I detailed all of this in my journal on the bus right after we left and didn't write again until the next day, so the exact details of what we did after this are a bit fuzzy. We crossed the border in the early afternoon, and spent a little time in the no man's land of Central Europe. Since things are duty free, there are a lot of weird complexes around there, including one we stopped at with an airplane and a huge model of the Earth outside of it. It was a mall or something, and it was enormous. There were signs for strip clubs and the like posted along the highway. (Their motto was "The American Way." How nice.)

The countryside out the window kept changing drastically as we entered Austria, and it was so much fun to stare outside and look at the other cars and little towns we passed. The other people on the bus, being from Rhode Island, were saying that it looked a little like the more open parts of New Hampshire, but I honestly thought it looked a lot like Oregon. A few weeks ago, I was actually up near McMinnville, and it could have been the same fields.

Here's what it looked like at one moment.


And then, five minutes later:



When we finally reached Vienna, I was a little surprised to find out just how metropolitan it is; a lot more like a city than Prague. There are trolleys, and a lot more cars and tall buildings (still not nearly as tall as the ones we have here, though.) The Danube runs right through the middle, and there's a lot of graffiti on the concrete edges, but it's pretty good graffiti.

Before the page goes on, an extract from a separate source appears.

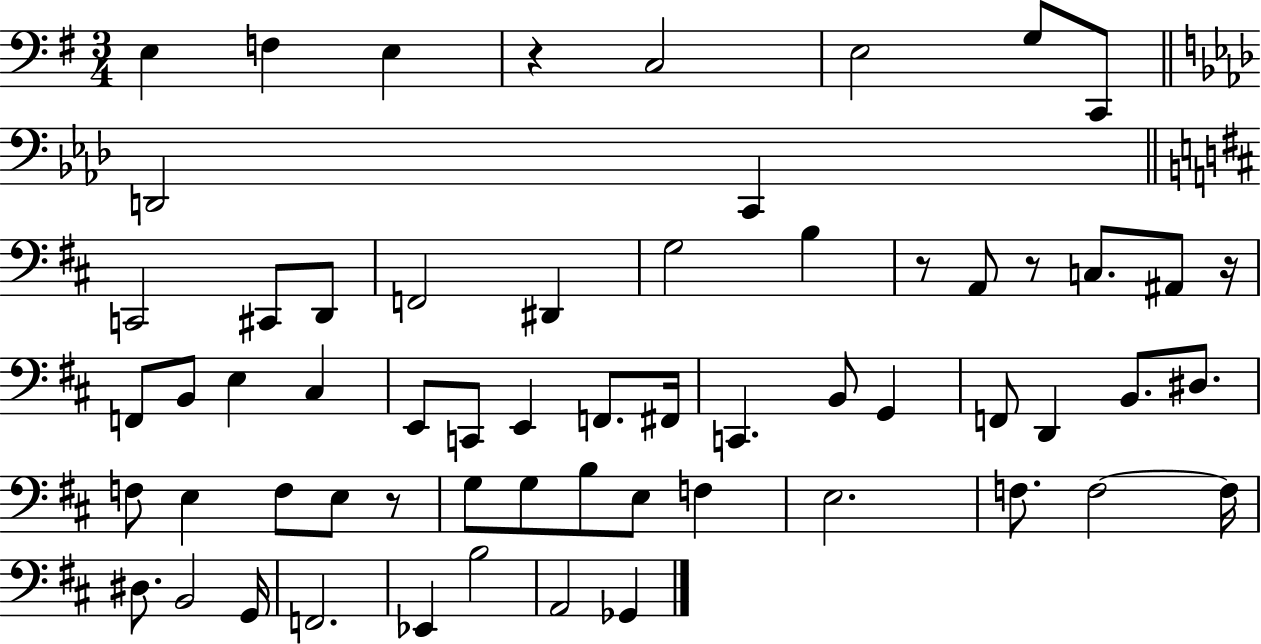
E3/q F3/q E3/q R/q C3/h E3/h G3/e C2/e D2/h C2/q C2/h C#2/e D2/e F2/h D#2/q G3/h B3/q R/e A2/e R/e C3/e. A#2/e R/s F2/e B2/e E3/q C#3/q E2/e C2/e E2/q F2/e. F#2/s C2/q. B2/e G2/q F2/e D2/q B2/e. D#3/e. F3/e E3/q F3/e E3/e R/e G3/e G3/e B3/e E3/e F3/q E3/h. F3/e. F3/h F3/s D#3/e. B2/h G2/s F2/h. Eb2/q B3/h A2/h Gb2/q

We checked into the hotel, which was very nice, but had a weird bathroom structure (the shower was basically out in the open, with only part of a wall as privacy, meaning that if you opened the door, you could see someone in the shower. Dinner that night was in some kind of beer cellar. To get downstairs, you had to go down a billion flights of spiral staircases, through the kitchen and around some corners. We were seated on two different floors, and going to the bathroom was a nightmare, because you would leave through one door, take a few turns and end up exactly where you started out. I didn't take my camera with me, and therefore didn't get any pictures of this interesting place, or the food we had, so you'll have to take my word that it was quite an adventure. (Or you could look up the Chorus of Westerly on Facebook and see if there are any pictures of it there.) There were an accordion player and a violinist traveling throughout the restaurant (meaning that sometimes we would hear them playing above us, sometimes below us, and sometimes through a wall) and since they know how to appeal to American tourists, they played Edelweiss, Do Re Mi and Home On the Range. Everyone sang along, of course, since they're chorus members, and I thought about how I was sitting underground in the middle of Vienna watching Austrians play the songs that made me fall in love with their country in the first place.



That was more or less it for the traveling day. I was amazed to find out that it only takes a couple of hours to get from Prague to Vienna, which is as long as it takes to get from the coast of Oregon to about the middle of the state. If you'll look at the map below, you'll see that Prague is actually in the more northern part of the Czech Republic, not that close to the border. Incredible.





That's it for now. I'll try to update soon with another one of my favorite days on the trip- Vienna!